To lose a friend or a family member feels beyond devastation. To lose a teacher feels beyond comprehension.

To say that I learned how to write over the past four years is inaccurate. I knew how to write. I simply didn’t know that I knew. Dinesh Allirajah didn’t tell me I could write. He showed me. He gave me weekly gifts of Hemingway and  Chekov and Chopin. He showed me that stories aren’t hugely involved epics with tragedy and love and burning buildings. He showed me how one word can say more than a paragraph. How each character has their individual right to be heard. He gave me confidence to write as myself. To be heard as myself. He showed me I can write. In person he laughed at my clumsy attempts at titles and my affinity for the word ‘fuck’. He made me read aloud every week. Despite my protests. He made me listen to others’ criticisms. Often inane. He made me have an opinion. Often inane. We exchanged little in personal words. But enough in mutual respect. For a few hours for a few weeks for a few years I absorbed what I could of his enthusiasm. His knowledge. His belief in my ability. This was his most valuable gift to me.

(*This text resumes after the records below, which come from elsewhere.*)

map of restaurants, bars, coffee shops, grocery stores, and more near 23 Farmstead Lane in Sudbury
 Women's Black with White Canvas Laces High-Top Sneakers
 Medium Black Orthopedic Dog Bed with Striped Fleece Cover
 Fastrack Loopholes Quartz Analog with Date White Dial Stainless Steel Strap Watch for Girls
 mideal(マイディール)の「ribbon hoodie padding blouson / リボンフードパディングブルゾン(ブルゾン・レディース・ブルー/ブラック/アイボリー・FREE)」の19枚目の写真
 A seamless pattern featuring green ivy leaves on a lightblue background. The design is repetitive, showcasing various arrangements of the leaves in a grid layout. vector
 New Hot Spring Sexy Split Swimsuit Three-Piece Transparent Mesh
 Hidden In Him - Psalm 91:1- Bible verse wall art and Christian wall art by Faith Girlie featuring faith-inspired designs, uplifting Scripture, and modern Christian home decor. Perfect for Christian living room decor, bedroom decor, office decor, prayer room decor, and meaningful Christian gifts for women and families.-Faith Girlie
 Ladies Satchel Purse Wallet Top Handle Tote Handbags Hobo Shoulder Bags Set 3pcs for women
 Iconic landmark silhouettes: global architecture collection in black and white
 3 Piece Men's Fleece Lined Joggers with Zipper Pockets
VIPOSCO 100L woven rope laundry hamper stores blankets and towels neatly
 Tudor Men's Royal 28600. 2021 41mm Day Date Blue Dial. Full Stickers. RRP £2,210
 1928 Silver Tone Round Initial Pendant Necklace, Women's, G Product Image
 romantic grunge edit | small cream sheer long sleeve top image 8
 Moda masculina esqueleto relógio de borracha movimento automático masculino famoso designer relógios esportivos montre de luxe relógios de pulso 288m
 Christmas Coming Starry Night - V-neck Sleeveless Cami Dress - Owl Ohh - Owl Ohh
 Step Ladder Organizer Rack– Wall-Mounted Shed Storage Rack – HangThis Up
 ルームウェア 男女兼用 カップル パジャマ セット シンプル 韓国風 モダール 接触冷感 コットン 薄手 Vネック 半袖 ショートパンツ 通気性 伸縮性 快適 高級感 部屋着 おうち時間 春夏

I said in my overly sappy introduction that to lose a teacher feels beyond comprehension. I offer no apology for my choice of words. I simply do not know how to mourn my teacher.
So why am I writing this? Why share my confusion and my misery in a public display of clipped syllables? Because this is what I have learned. Because spoken words are transient. Because anything less than permanence would feel a damned disservice.